What Our Children Really Want
The other day, I asked my children a loaded question: What things do kids want the most from their parents? And what are the things that parents do that cause their children pain? My children were slow to respond. Finally, after a short period of silence they began sharing the things that parents do that hurt them—meaning what my wife and I do to hurt them. Like a drip from a faucet that eventually becomes a waterfall, the thoughts came pouring out. “Bickering—when parents fight,” said one. Another said, “When parents neglect being affectionate.” Then another said, “When parents complain, grumble, gossip.” And again, “When parents lose their patience, yell, become angry, become anxious and worried.” Not once did any of them say, “When you don’t give me money,” “When you don’t spoil me,” “When you don’t buy me toys.” Then they told me what they believe children want from parents: “To be respected as a real person, as the adult I will become rather than the kid they think I am.” Another said, “To be believed in and trusted.” And another, “To be congratulated in my accomplishments.” “To be supported in my ideas and plans.” And then my eldest daughter gave the ultimate answer: “I want my parents to help me realize my purpose. To tell me that my life has a purpose, that is has meaning, that I can do something great.” I was amazed. Not once did they say, “I want my dad to be a nice guy.” They simply want what every human heart wants: the gaze of the Father. They want to be loved, cherished, believed in, chosen, desired—to be given divine purpose and meaning. We fathers are the transmitter of the Father’s love.

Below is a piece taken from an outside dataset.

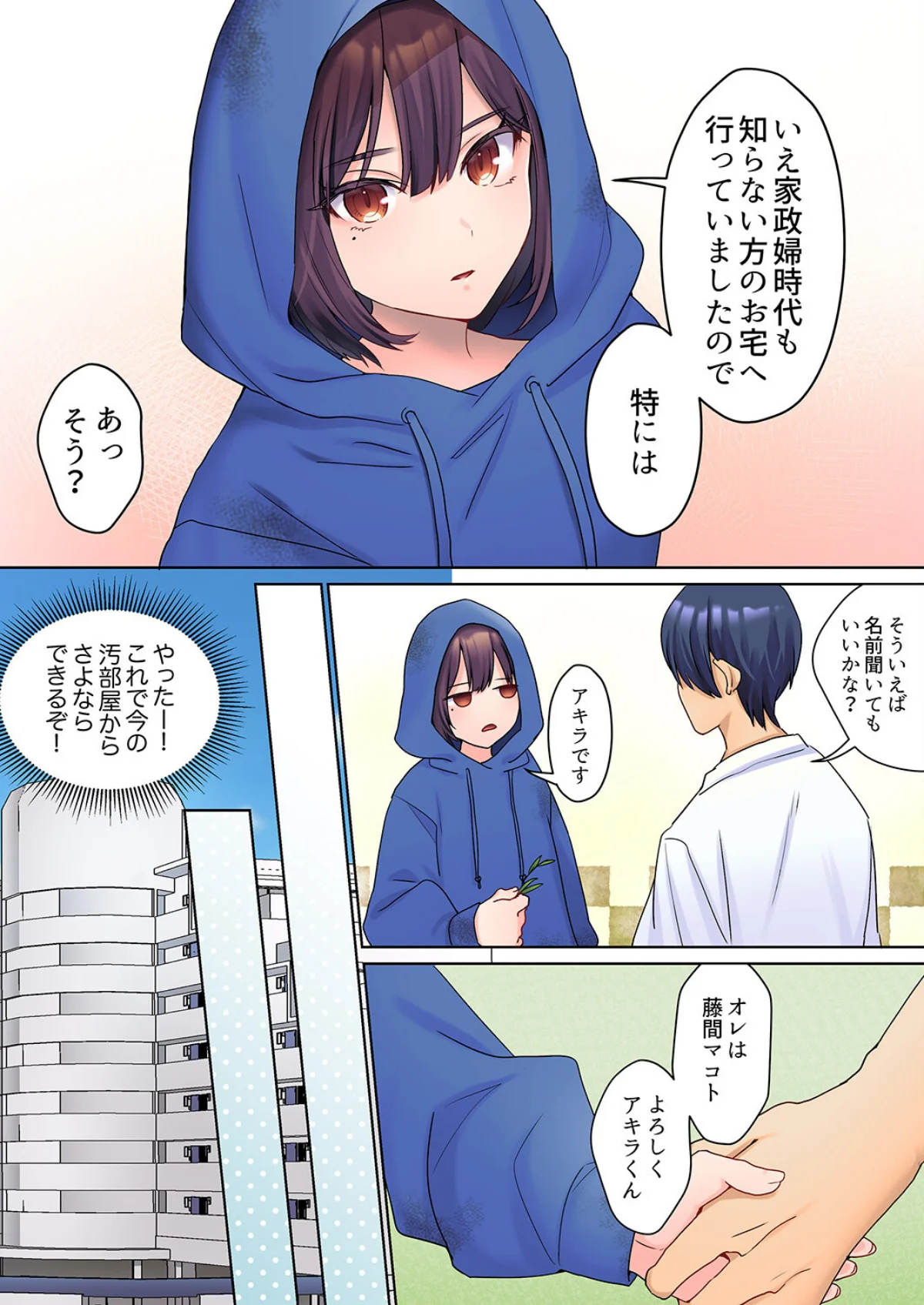 無口な彼女の性感帯〜声は出さないけど身体 第1巻 ラブコメ メイド 巨乳 6ページ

Children don’t respect a nice guy, they respect a father who has conviction in his beliefs, who is determined to follow them, and is resolute in giving his life to the Lord. Children will faithfully follow such a man. This can only be achieved by receiving the redemptive grace of Jesus Christ, which is offered and obtained by frequent reception of Our Lord’s body and blood; by frequent confession; and by a consistent prayer life. This is the way of the humble father who is able to properly detach himself from his children in order to attach them to God. You and I are loaded with the divine power and potential to change our families, the Church. and this world. Let’s use that power.